Required work: Determine how many lines in the listing contain the string "Photo"; respond with the number alone.
• • • •
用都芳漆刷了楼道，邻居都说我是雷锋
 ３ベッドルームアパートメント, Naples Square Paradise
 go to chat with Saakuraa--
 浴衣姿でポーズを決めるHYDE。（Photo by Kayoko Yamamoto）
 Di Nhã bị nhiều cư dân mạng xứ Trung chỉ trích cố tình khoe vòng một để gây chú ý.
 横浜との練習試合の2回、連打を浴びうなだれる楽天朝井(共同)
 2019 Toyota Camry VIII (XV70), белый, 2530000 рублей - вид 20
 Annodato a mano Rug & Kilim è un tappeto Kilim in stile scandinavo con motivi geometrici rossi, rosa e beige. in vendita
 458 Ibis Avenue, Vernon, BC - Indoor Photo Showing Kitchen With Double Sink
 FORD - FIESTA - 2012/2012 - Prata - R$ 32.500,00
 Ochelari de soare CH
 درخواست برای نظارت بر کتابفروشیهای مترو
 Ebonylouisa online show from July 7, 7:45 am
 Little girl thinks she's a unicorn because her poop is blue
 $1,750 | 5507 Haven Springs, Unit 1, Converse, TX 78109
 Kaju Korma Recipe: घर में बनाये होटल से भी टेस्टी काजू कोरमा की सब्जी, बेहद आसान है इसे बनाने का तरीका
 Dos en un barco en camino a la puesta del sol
• • • •
Output for this task: 2